В личных сношениях японцы неизменно проявляли обычную по отношению к европейцам приторную вежливость. Вечная улыбка, смеющиеся узенькие глазки, беспрестанное шумное вдыхание в себя воздуха, которым вы дышите, поклоны, приседания, напускная простоватость, но за этим всем, как за непроницаемой завесой, скрывается глубокая ненависть к европейцу. Не могут помириться японцы с тем, что мы признаем их низшей расой, и не могут простить нам этого. Если бы можно было прочесть, что скрывается за этими веселыми карими глазками у этих добродушных простачков, то, наверное, мы относились бы к ним с большей осторожностью, чем это было ранее.
По этому поводу припоминается мне мимолетная встреча в 1902 году.

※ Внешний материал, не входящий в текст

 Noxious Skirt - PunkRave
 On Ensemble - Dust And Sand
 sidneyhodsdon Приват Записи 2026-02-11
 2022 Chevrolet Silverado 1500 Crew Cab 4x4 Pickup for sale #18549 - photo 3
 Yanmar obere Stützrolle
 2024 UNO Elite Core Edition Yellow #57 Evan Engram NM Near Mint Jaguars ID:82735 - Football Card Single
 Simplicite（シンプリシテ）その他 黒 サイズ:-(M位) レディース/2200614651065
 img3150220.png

Был я приглашен на полковой праздник квартировавшего в Петербурге 145-го пехотного Новочеркасского полка
[165], в котором я три года тому назад отбывал ценз годичного командования ротой. Бывшие сослуживцы очень приветливо встретили меня и в дружеской компании познакомили меня с прикомандированным к полку, для ознакомления со службой, японским майором Танакой. Среднего роста, с сухощавым скуластым лицом, подстриженными черными усикам, лет тридцати – тридцати пяти, Танака был в самых приятельских отношениях с офицерами полка. Они покровительственно похлопывали его по плечу, многие из них были с ним на ты, подтрунивали над ним, что японский язык очень похож на русский: по-ихнему «банзай», а по-нашему «вонзай», и Танака «вонзал» с ними рюмку за рюмкой, смеялся, отшучивался, ну, словом, рубаха-парень, закадычный друг России.

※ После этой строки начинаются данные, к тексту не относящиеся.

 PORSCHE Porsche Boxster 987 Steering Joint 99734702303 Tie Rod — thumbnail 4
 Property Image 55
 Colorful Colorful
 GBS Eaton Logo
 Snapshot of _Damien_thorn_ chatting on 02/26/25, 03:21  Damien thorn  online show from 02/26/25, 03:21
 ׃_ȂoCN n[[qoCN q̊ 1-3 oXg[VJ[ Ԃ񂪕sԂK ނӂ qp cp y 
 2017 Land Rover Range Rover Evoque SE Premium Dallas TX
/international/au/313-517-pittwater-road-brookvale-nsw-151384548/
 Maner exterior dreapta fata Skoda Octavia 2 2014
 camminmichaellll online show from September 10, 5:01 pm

В начале 1903 года он вернулся в Японию. Наступила Японская война. Услышал я в первые о Танаке после неудачной для японцев кавалерийской стычке у Вафангоу, когда японцы должны были признать превосходство нашей конницы и после которой они тщательно прятали свою кавалерию за пехоту. Пронесся тогда слух, будто Танака убит в этой стычке, но слух оказался ложным, так как по агентурным сведениям какой-то Танака занимал довольно важный пост в японской Главной квартире. Пока это вполне естественно: друзья в мирное время – честные враги во время войны. Но вот в первый приезд мой в Токио я как-то поинтересовался узнать у полковника Подтягина о тогдашнем военном министре, генерале Танаке, не тот ли это Танака, который проходил службу в Новочеркасском полку, и после его утвердительного ответа, высказал предположение, что, быть может, есть возможность при его содействии получить какие-либо льготы для русских беженцев. На это Подтягин ответил мне, что среди членов японского правительства именно Танака проявляет наибольшую враждебность к русским. Не знал я еще тогда о пресловутом завещании Танаки
{264}, в силу которого Япония не только должна вытеснить нас окончательно из Маньчжурии, но отобрать от нас всю Восточную Сибирь, вплоть до Байкала. Эти грандиозные планы роились в голове самурая, должно быть, уже и тогда, когда он запанибрата с русскими офицерами «вонзал» рюмку за рюмкой у стойки полкового собрания. И таких, как Танака, большинство – это прототип японца.